Katran offers a software-based approach to load balancing in combination with a reengineered forwarding plane that leverages two recent innovations in kernel engineering: eXpress Data Path (XDP) and the eBPF virtual machine. Backend servers in Facebook’s PoP worldwide utilize Katran. The company says, the deployment of Katran has “helped us improve the performance and scalability of network load balancing and reduce inefficiencies such as busy loops when there are no incoming packets”. In describing their goals for open sourcing it, Facebook says, “By sharing it with the open source community, we hope others can improve the performance of their load balancers and also use Katran as a foundation for future work.”
Katran has helped the company manage traffic at the massive scale required both by distributing the workload efficiently among its numerous backend servers, and by helping confront “the challenge of making the large fleet of (backend) servers appear as a single unit to the outside world”. A network load balancer that suits Facebook’s needs effectively, must be able to do several things:
- Run on commodity Linux servers
- Exist in parallel with other services on any given server
- Minimize disruption during maintenance and upgrades
- Provide straightforward instrumentation and debugging
Facebook’s engineering team have worked hard for numerous years to develop different iterations of a high-performance software network load balancer that can satisfy all these needs.
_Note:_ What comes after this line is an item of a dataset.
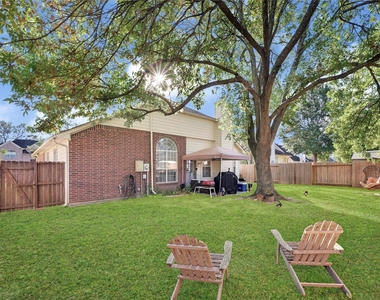 14902 Carolina Falls Lane - Photo Thumbnail 21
The overall architecture of Katran is similar to the first-generation L4LB that Facebook developed, however, its main differences relate to (i) more easy and efficient packet handling; (ii) more stable and less expensive hashing; (iii) a more resilient local state and a runtime “compute only” switch to ignore its LRU cache altogether if in the event of catastrophic memory pressure on the host; (iv) its RSS-friendly encapsulation.
These new features dramatically increase performance, flexibility and scalability of the load balancer.
Along with the release of Katran, Facebook simultaneously announced details of the inner workings of its Zero Touch Provisioning tool, which it is deploying to help engineers automate large parts of the work necessary to build its backbone networks. Earlier in May, the company also open sourced PyTorch, the software that powers its machine learning and AI projects.
Facebook has had no choice but to become a software company in addition to the world’s largest social network and a huge player in advertising. There are not many companies that operate at the scale of Facebook, and/or that face unique challenges when designing the traffic patterns of its own social network. It made sense for the company to develop the software it needed in-house.
Fortunately, Facebook is generally open to sharing its software developments. Indeed in 2011, the social network was one of the founding members of the Open Compute Project. The Open Compute Project describes itself as “a rapidly growing, global community whose mission is to design, use, and enable mainstream delivery of the most efficient designs for scalable computing”. The group members believe that by sharing IP, they will maximize innovation and reduce complexity in tech components.